Coming from a family of pickle experts from Andhra Pradesh, our house was always full of jars of pickles. I have fond memories of waiting up for the loads of spicy pickles to make entry into our house in Chennai all the way from Vijayawada. My Mammagaru (Paternal grandma) would make a trip to our hometown during the summer, just to make pickles and was she an expert or what?! From mango based pickles like Avakkai, Maagai to specialty pickles like Chinthakaya (raw tamarind pickle) and Gongura (Sorrel leaves pickle), she made everything. For an entire month, the only happening work at the kitchen would be preparing pickles. Infact, the whole house would smell of red chillies, dried mangoes and other condiments.
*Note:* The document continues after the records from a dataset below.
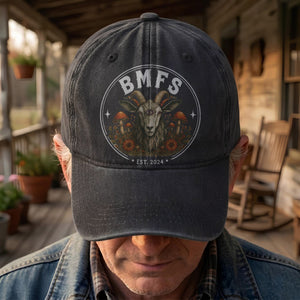 Billy Strings BMFS Goat Three Eyed Goat Mushroom Vintage Graphic Denim Cap Retro Vintage Dad Cap Gift For Dad (With Box)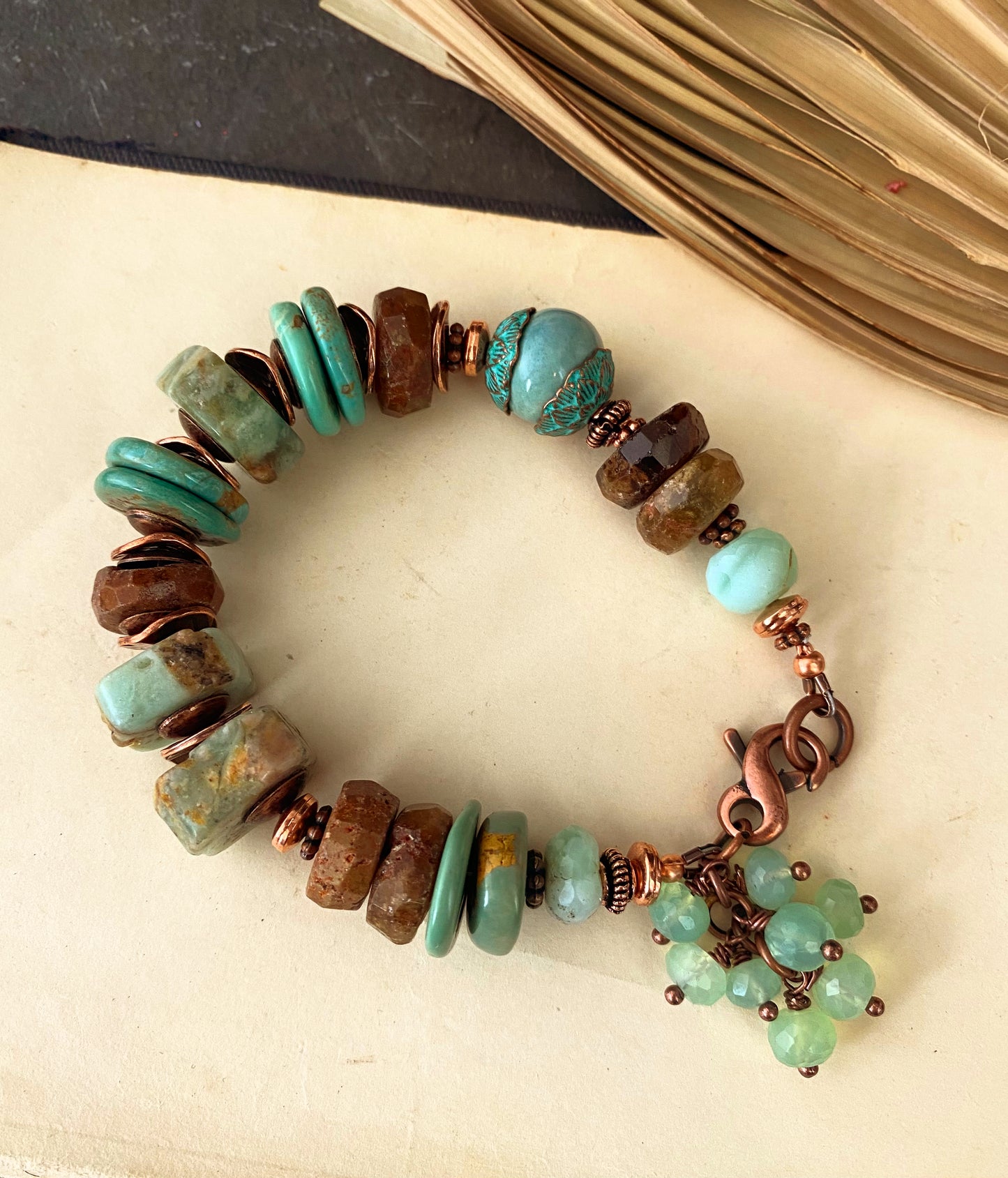 Green chunky and copper metal, bracelet. With turquoise, chrysoprase, green garnet, ceramic bead and patina findings.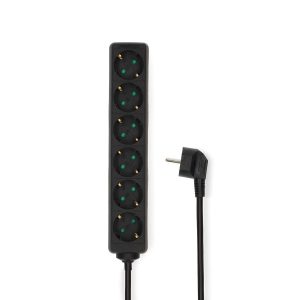 Extension Socket | Type F (CEE 7/7) | 6-Way | 3.00 m | 3680 W | 16 A | Kind of grounding: Side Contacts | 230 V AC 50/60 Hz | Socket angle: 45 ° | H05VV-F 3G1.5mm² | Black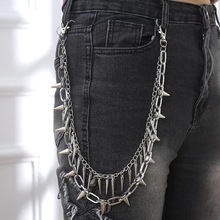 欧美跨境饰品 复古朋克金属铆钉多层腰链 潮流装扮牛仔裤配饰裤链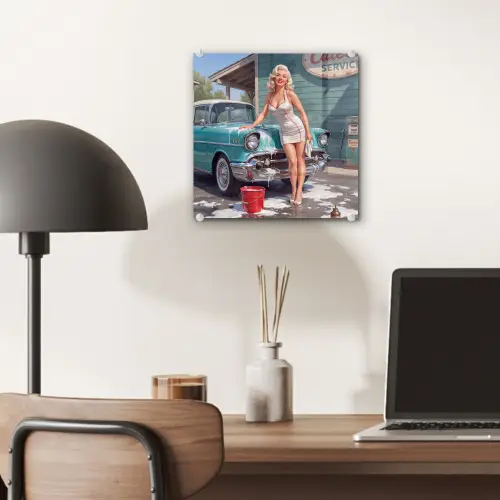Auto - Vrouw - Groen plexiglas 5mm klein -sfeer6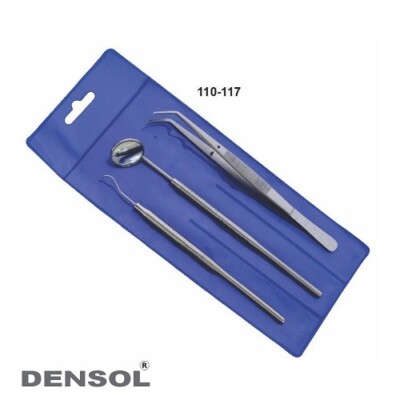 DENSOL  Examination Kit 3pcs Diagnostic Set Tweezers Explorer Mirror Handle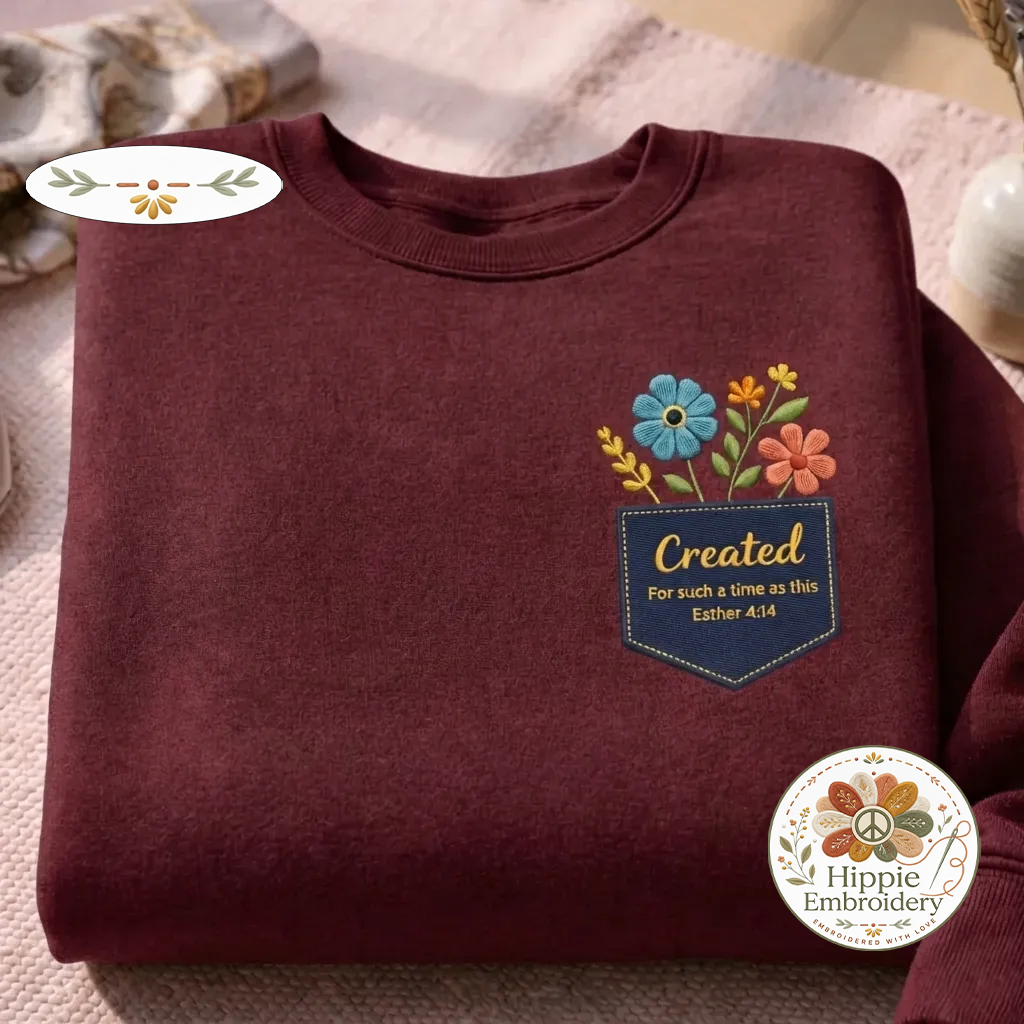 Created For Such A Time As This Shirt, Floral Faux Pocket Crew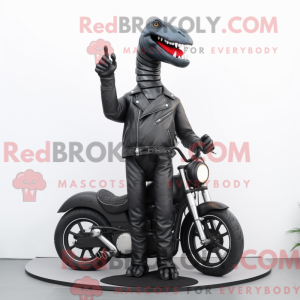 Sort Brachiosaurus maskot...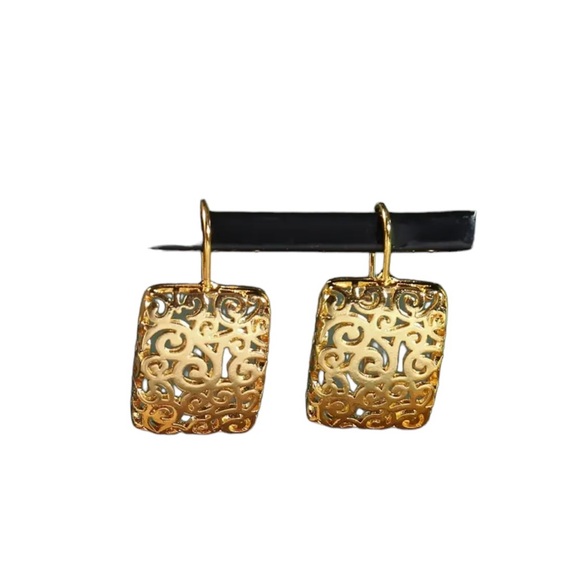 Celtic Rectangle Cut Metal Gold Drop Earrings - Picture 2 of 6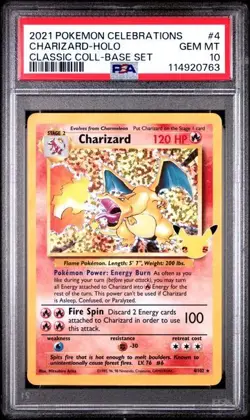 Pokemon Charizard Celebrations 4/102 Classic Holo Rare PSA 10 GEM MINT - Image 1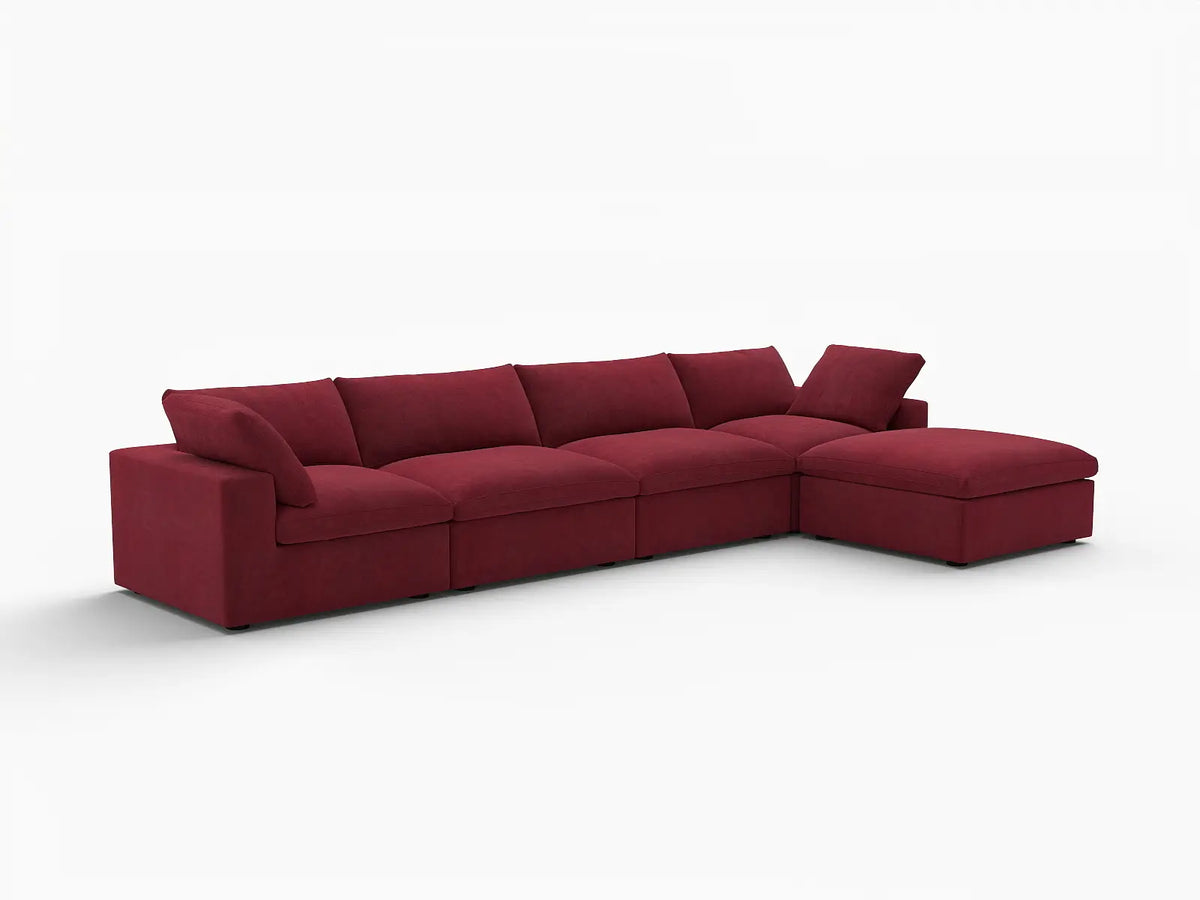 Deluxe Cloud 4-Seater Claret Sofa Set | 5-Piece (Includes 1 Ottoman), Velvet Fabric, Washable Cushion Covers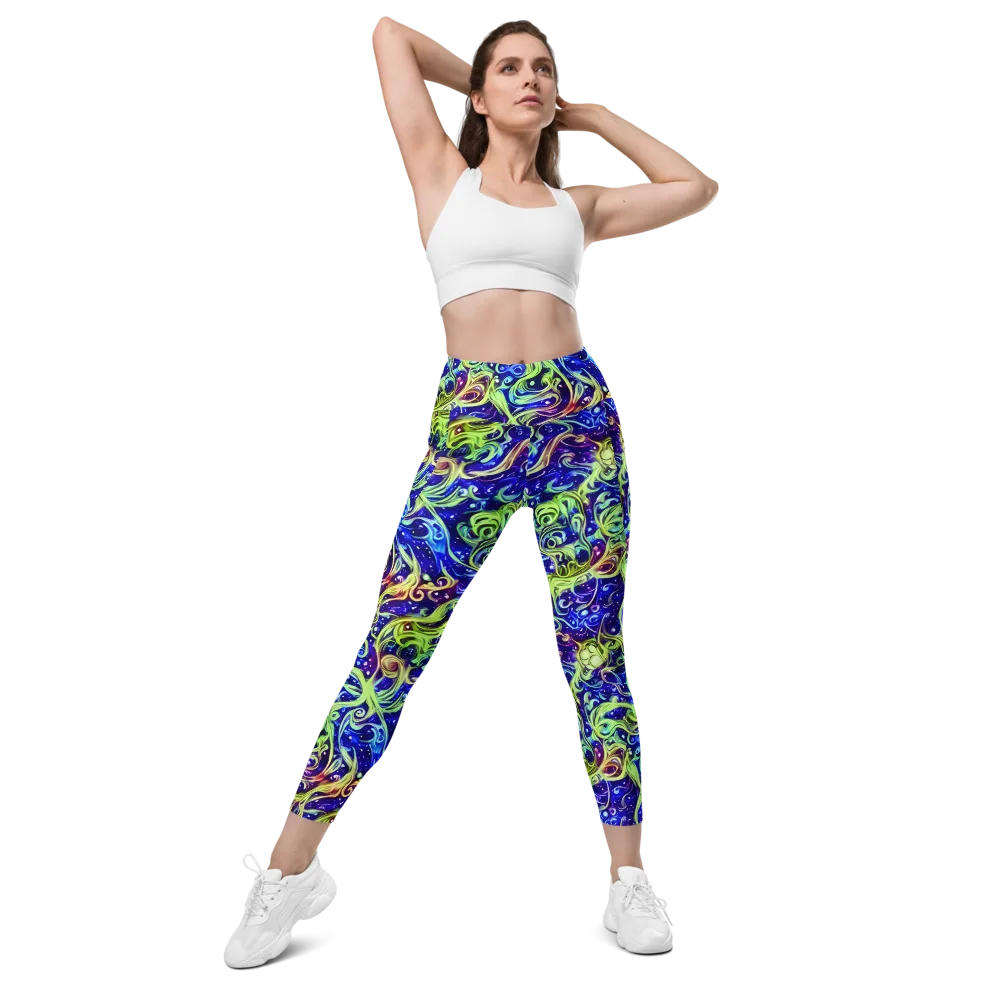 Molten Whirlwind on Leggings with Pockets — Front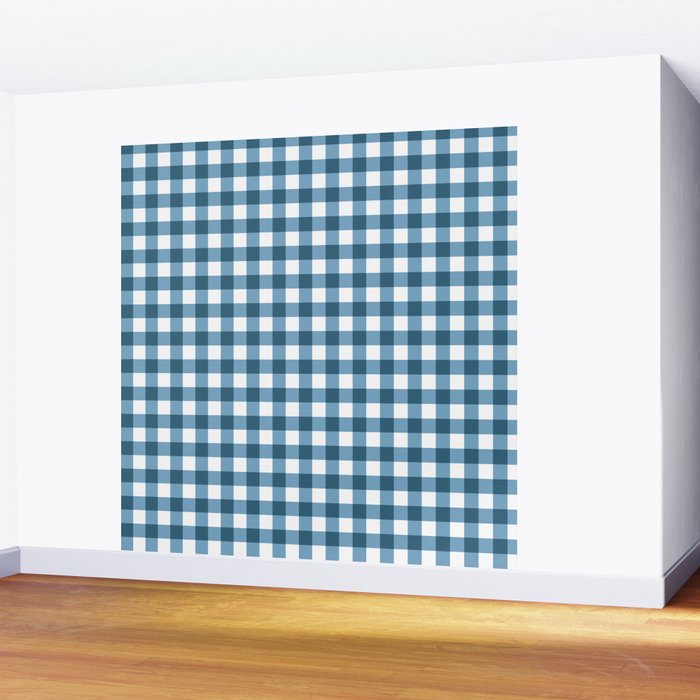 Classic Blue Gingham Checkered Pattern  Wall Mural Gallery Image 2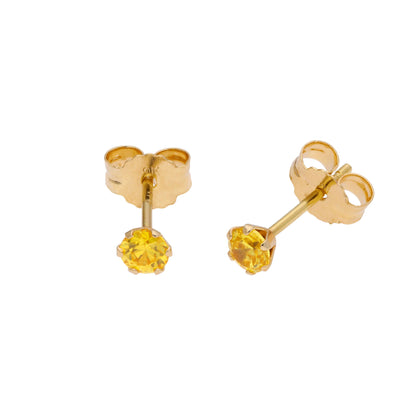 9ct Gold Birthstone CZ Round Claw Stud Earrings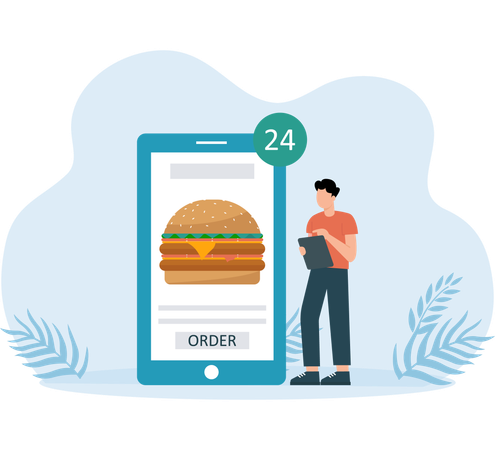 Homme commandant un hamburger en ligne  Illustration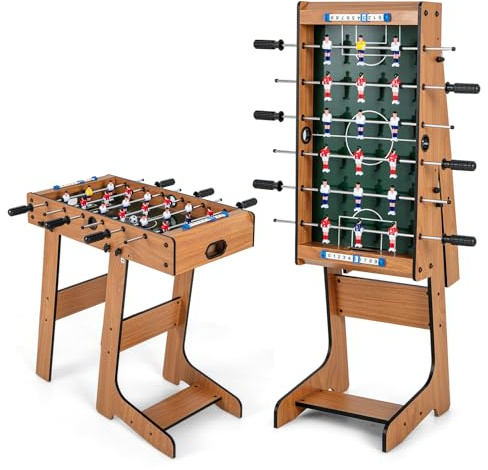 COSTWAY Folding Football Table, Free Standing Foosball Soccer Game with 2 Mini Footballs, Score Keepers, Indoor Recreational Games for Kids, Adults, Family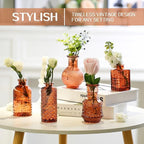 Mini Bud Vases Centerpieces for Tables, for Flowers,Small Flower Vases Suitable for Birthday Party,Anniversary,Wedding Reception,Baby Shower (Amber, 12PCS)
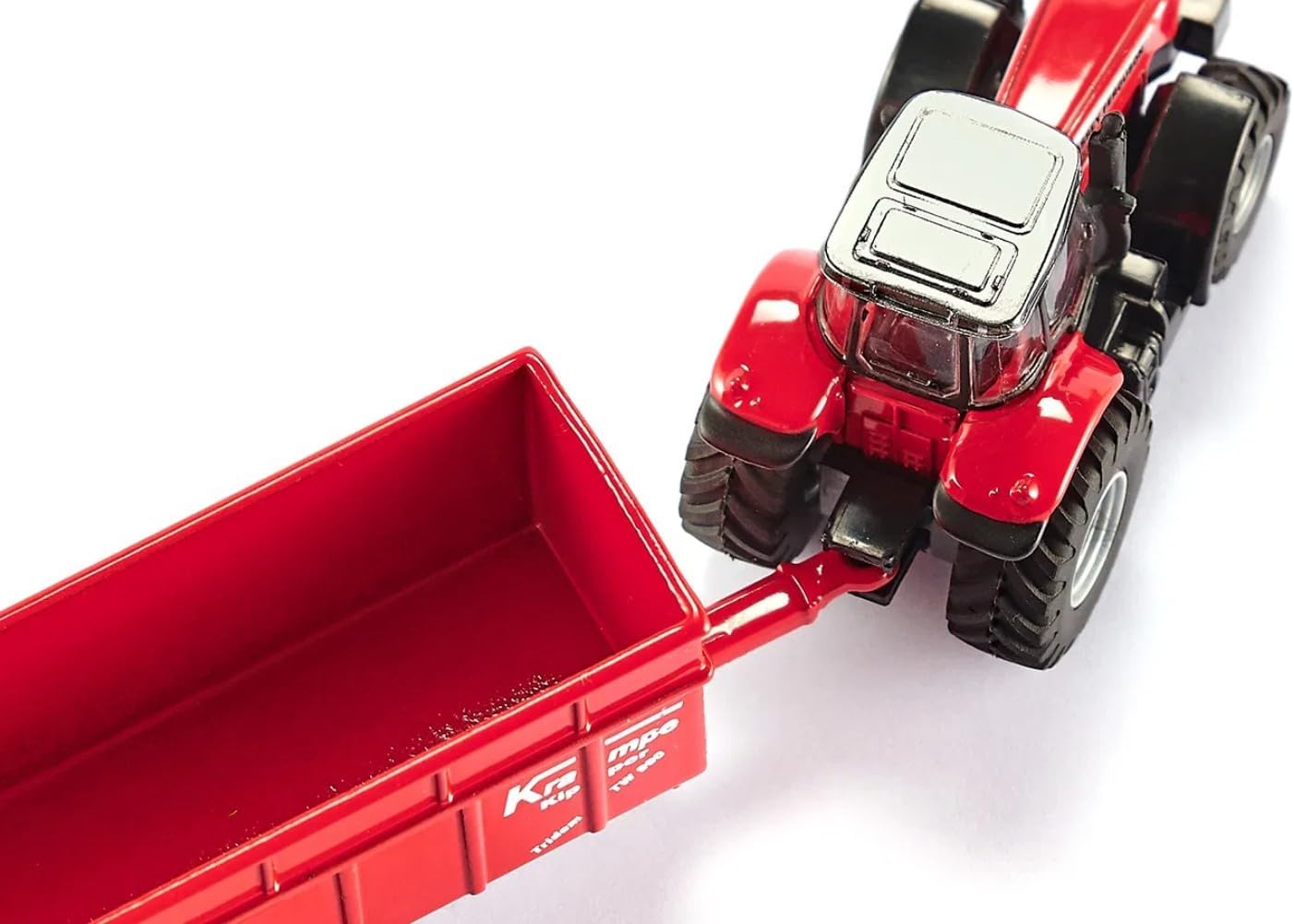 Siku 1844, Massey Ferguson Tractor with Trailer, 1:87, Metal/Plastic, Red, Tiltable Trailer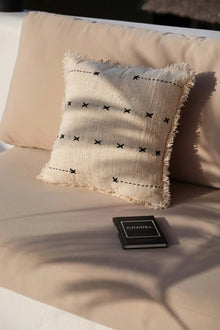 The French Kiss Cushion Cover - Natural Black in cotton — handmade luxury cushion cover curated by Laiyahome — view 4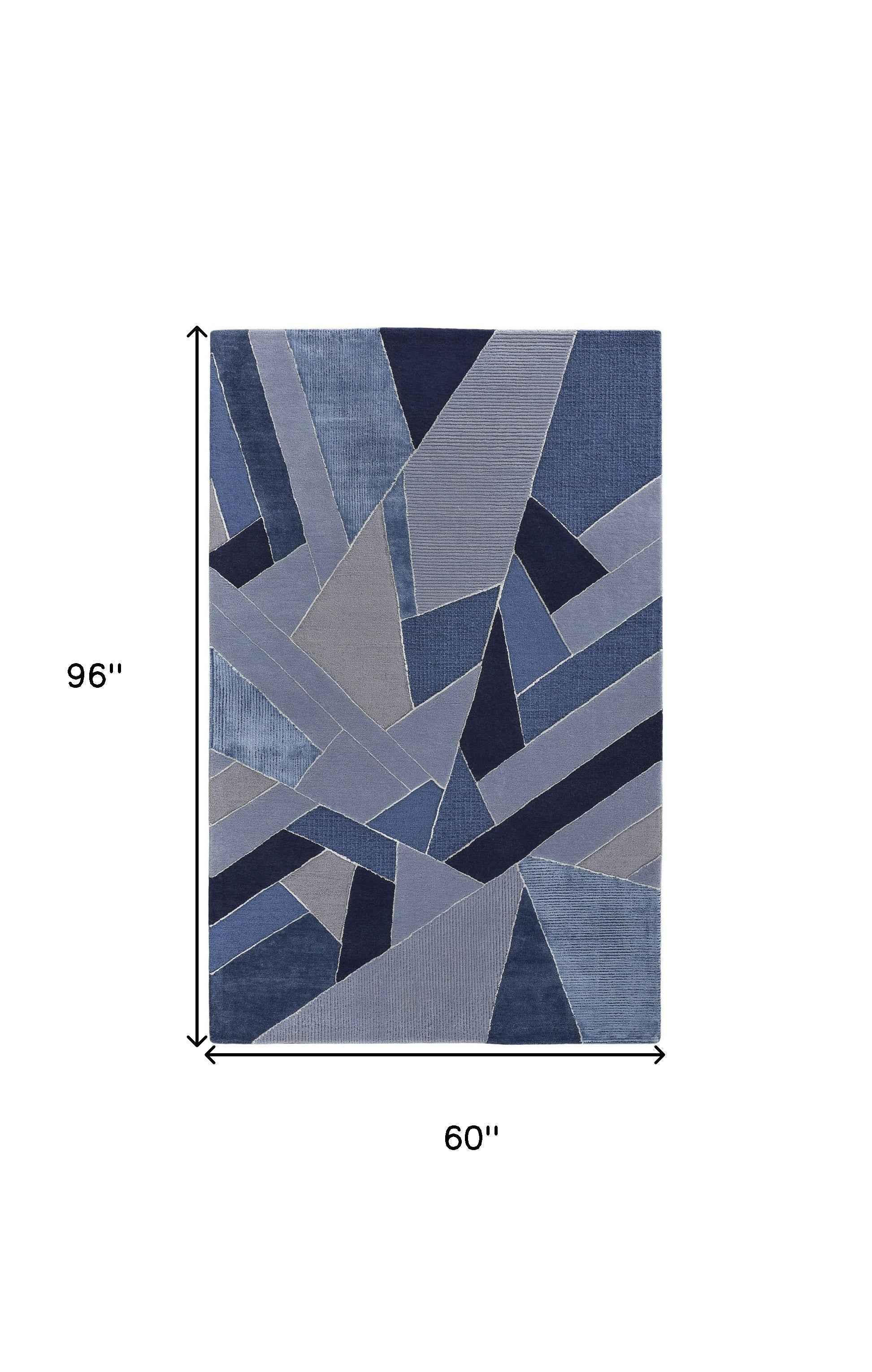 5' X 8' Blue And Silver Wool Geometric Tufted Handmade Area Rug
My mammagaru did leave on her legacy with both her daughters-in-law (my aunt and my amma) and they have taken upon themselves to be the next pickle queens of our family. If not for anything, I wanted to record this recipe for all the legacy it carries and there are going to be other Andhra special pickle recipes on this blog, very soon.
Moving onto Gongura Pachadi, it is made from Sorrel leaves. One of the popular pickles from Andhra, it is not as tedious as the mango based pickles to make at home. I learnt the recipe from Amma while my parents were visiting us earlier this year. The success of making good Gongura at home is in getting good quality Gongura/Sorrel leaves – the ones that are quite tangy. Amma mentioned a simple test to check the sourness of the leaves. If the leaves wilt quickly on placing in heat, they are bound to be tangy. The only effort lies is picking the leaves and separating the stems. Lucky for us, dad is very good at this job and spent over 2 hours cleaning up the Gongura leaves. When just the leaves are used, the Pachadi/pickle turns out smooth and tasty. This is called Niluva Pacahadi as it stays well for over 6 months when stored in clean air tight container and a clean spoon is used. Gongura is best served with hot rice and a dollop of sesame oil/ghee with a side cut raw onions/shallots – comfort food at its best. *Now that’s a true Telugu girl speaking her heart* 😀
To make Gongura Pachadi
What I used –
- Gongura/Sorrel Leaves, 3 cups (tightly packed)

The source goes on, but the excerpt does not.